Xavier Díez de Urdanivia

Para responder con propiedad a las preguntas que quedaron planteadas en la entrega anterior, he creído pertinente empezar por citar el inciso uno del Artículo 4 (“Derecho a la Vida”) de la Convención Interamericana de los Derechos Humanos, que a la letra dice: “Toda persona tiene derecho a que se respete su vida. Este derecho estará protegido por la ley y, en general, a partir del momento de la concepción. Nadie puede ser privado de la vida arbitrariamente”.

Se ha visto que esta disposición forma parte de la Ley Suprema de toda la Unión, según dispone el Artículo 133 de la propia Constitución, disposición que fue reforzada por la reforma constitucional de 2011.

Con todo, la Corte adujo como fundamento de su resolución la confrontación, aparente, con derechos propios de un sujeto distinto al que es objeto de protección por la norma declarada inconstitucional.

Esa circunstancia obligaba al juez a efectuar una “interpretación conforme” de las normas en juego, lo que implica que el sentido que se debe conferir a las normas en juego es aquel que las haga compatibles entre ellas, así como con la constitución y los tratados.

Si después de ello persistiera la contradicción, tendría que hacerse la ponderación de los derechos en pugna, con el objeto de que prevalezca el de mayor jerarquía axiológica.

A reserva de que tras el engrose de la sentencia y su publicación algún detalle relevante surgiera, de los debates del Pleno y las publicaciones hechas por la propia Suprema Corte de Justicia, es posible saber que la decisión se basó en considerar que la previsión del Código Penal de Coahuila, “vulnera el derecho de la mujer y de las personas gestantes a decidir”, sobre su procreación, sobre su propio cuerpo y sobre el desarrollo de su personalidad, además de su derecho de acceso a la salud.

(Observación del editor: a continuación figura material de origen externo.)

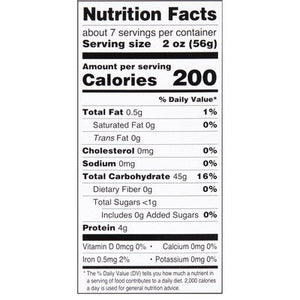 Thai Kitchen Rice Noodles Stir-Fry 12/14 OZ [UNFI #0552315] [ebt]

Sobre el fondo de esos derechos ya se ha especulado mucho y se han expresado ideas y proposiciones a plenitud, dando lugar, incluso, a discusiones bizantinas que poco aporta a la inferencia adecuada para alcanzar conclusiones válidas.

Por esa razón omito, en este momento, profundizar en su materia y me ciño al examen del empleo argumentativo que la Corte les dio en su reciente resolución, sobre todo porque este es el punto en que la inferencia se torna difícil de ser aceptada, por diversas razones, todas ellas de carácter jurídico.

En primer lugar, porque la protección a la vida y los derechos de la mujer enunciados, en una “interpretación conforme” correctamente efectuada, son perfectamente compatibles, si se ejercen a tiempo y con responsabilidad, como deben ser ejercidas todas las libertades.

En segundo lugar, porque aun cuando la aparente contradicción fuera realmente existente, habría que considerar que, si la vida es el presupuesto de todos los demás derechos (sin vida no se puede ser sujeto de ninguno), concluir como la Corte lo hizo es tanto como admitir que lo principal siga la serte de lo accesorio, cuando el principio aplicable es justamente el inverso.

En tercero, porque en la opción en que se basó la Corte se dejó de aplicar el principio de proporcionalidad que, enunciado por Robert Alexy, ha sido de general aceptación por la doctrina y los tribunales: “cuanto mayor es el grado de la no satisfacción o de afectación de uno de los principios, tanto mayor debe ser la importancia de la satisfacción del otro”.

En suma, si no hay prohibición constitucional para la emisión de normas que tipifiquen la interrupción del embarazo y además el bien tutelado por ellas es precisamente el presupuesto de todo otro derecho y los deberes correlativos, difícilmente puede considerarse que dicha disposición es contraria a la Constitución, especialmente cuando hay norma internacional, compatible con el sistema interno e integrada a él precisamente en el nivel jerárquico superior de sus normas.

La Corte falló. Por las razones expuestas difiero de ella.